**EXERCISE AIM**
Find the line holding "Rivers Police Commissioner" in the entries below. Give it again exactly, along with every line after it up to and including the line holding "May include: A".

*** Opening of RECORDS SHOWN ***

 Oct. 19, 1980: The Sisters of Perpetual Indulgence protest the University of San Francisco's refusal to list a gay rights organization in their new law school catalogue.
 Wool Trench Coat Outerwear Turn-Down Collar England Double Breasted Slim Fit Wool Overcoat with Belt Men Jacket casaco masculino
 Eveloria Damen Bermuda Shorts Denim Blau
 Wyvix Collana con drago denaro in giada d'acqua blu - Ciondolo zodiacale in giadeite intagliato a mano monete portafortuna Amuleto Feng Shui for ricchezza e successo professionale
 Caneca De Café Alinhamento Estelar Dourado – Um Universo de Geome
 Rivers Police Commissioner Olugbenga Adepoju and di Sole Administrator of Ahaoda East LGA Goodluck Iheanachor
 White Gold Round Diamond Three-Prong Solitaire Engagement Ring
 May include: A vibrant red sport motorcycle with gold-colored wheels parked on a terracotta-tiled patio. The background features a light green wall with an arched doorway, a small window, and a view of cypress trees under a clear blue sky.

*** Close of RECORDS SHOWN ***
*** Opening of RECORDS SHOWN ***

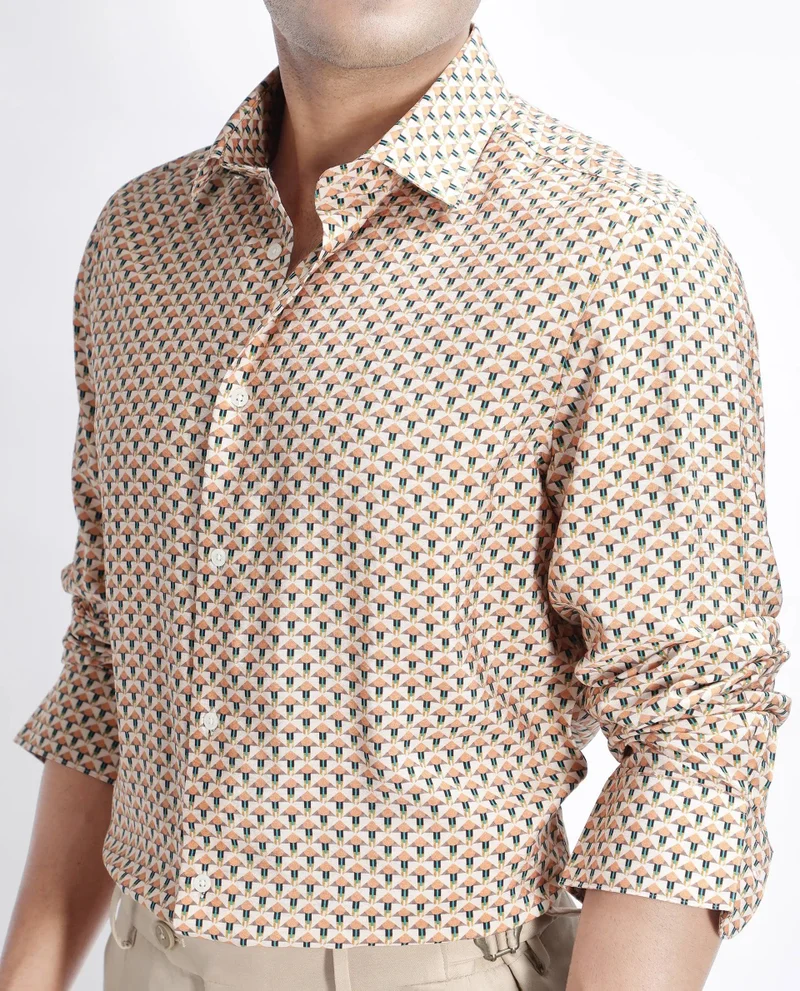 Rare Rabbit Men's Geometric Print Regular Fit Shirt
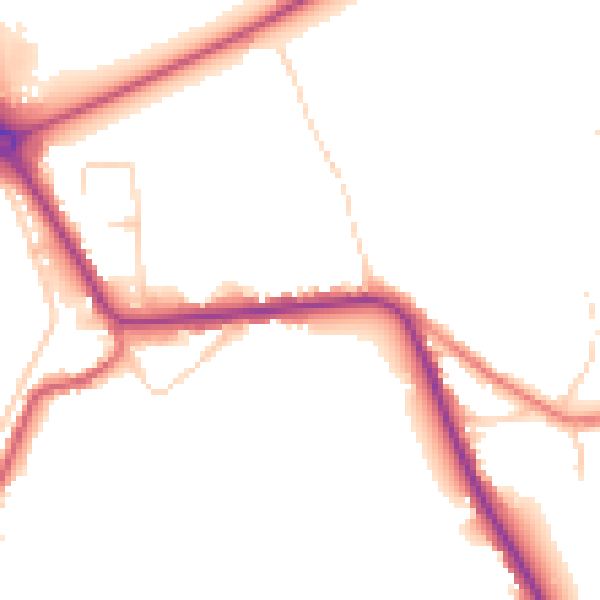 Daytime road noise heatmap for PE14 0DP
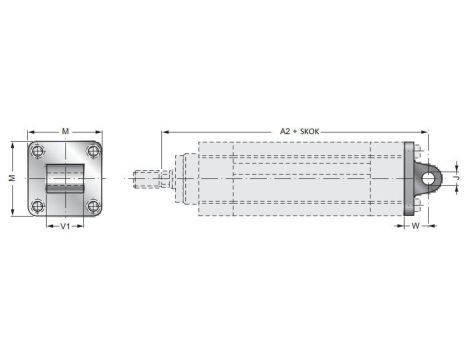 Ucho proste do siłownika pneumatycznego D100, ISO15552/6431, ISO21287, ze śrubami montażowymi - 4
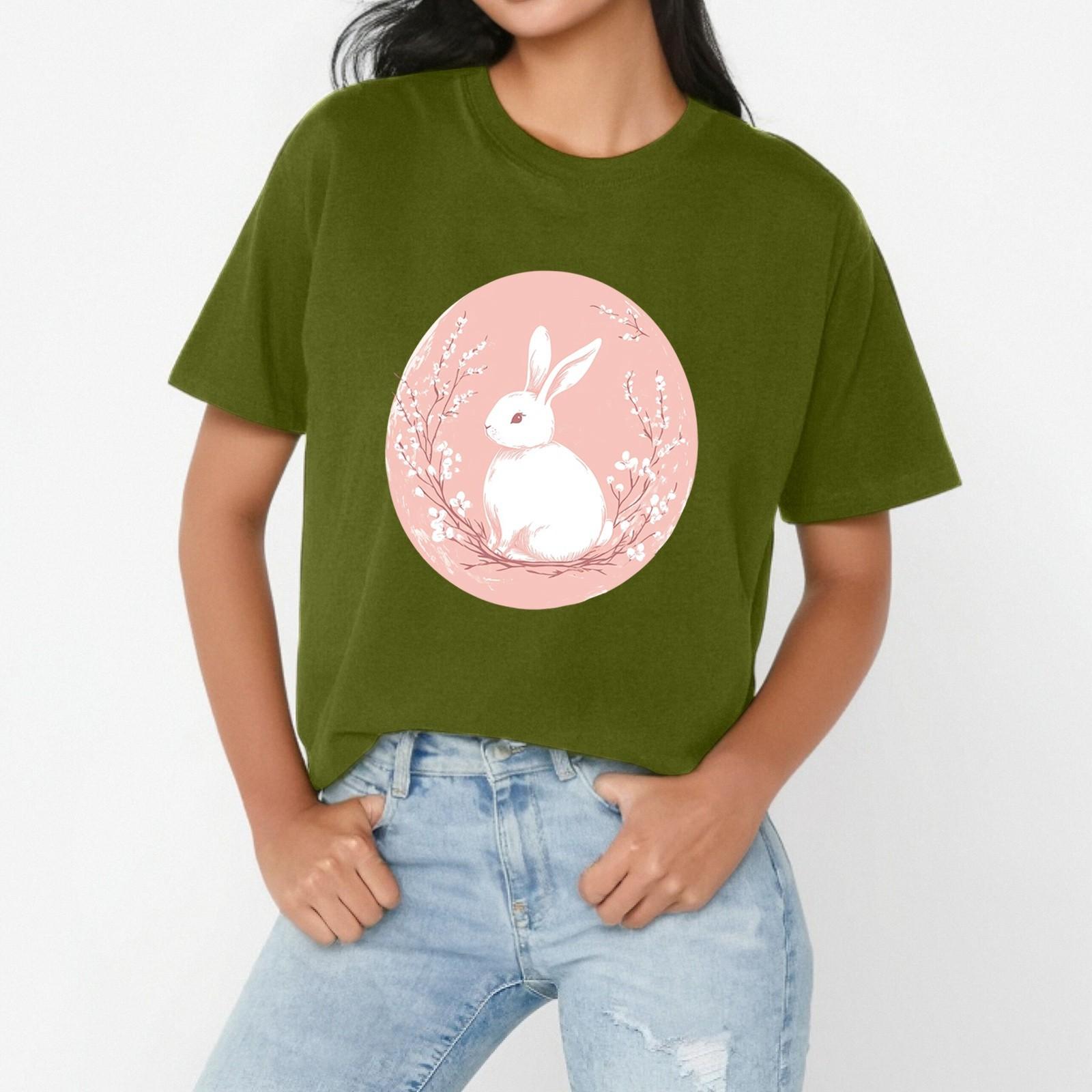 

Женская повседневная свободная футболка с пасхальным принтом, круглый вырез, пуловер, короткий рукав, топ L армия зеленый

*** Close of RECORDS SHOWN ***

**WRITTEN RESPONSE**
 Rivers Police Commissioner Olugbenga Adepoju and di Sole Administrator of Ahaoda East LGA Goodluck Iheanachor
 White Gold Round Diamond Three-Prong Solitaire Engagement Ring
 May include: A vibrant red sport motorcycle with gold-colored wheels parked on a terracotta-tiled patio. The background features a light green wall with an arched doorway, a small window, and a view of cypress trees under a clear blue sky.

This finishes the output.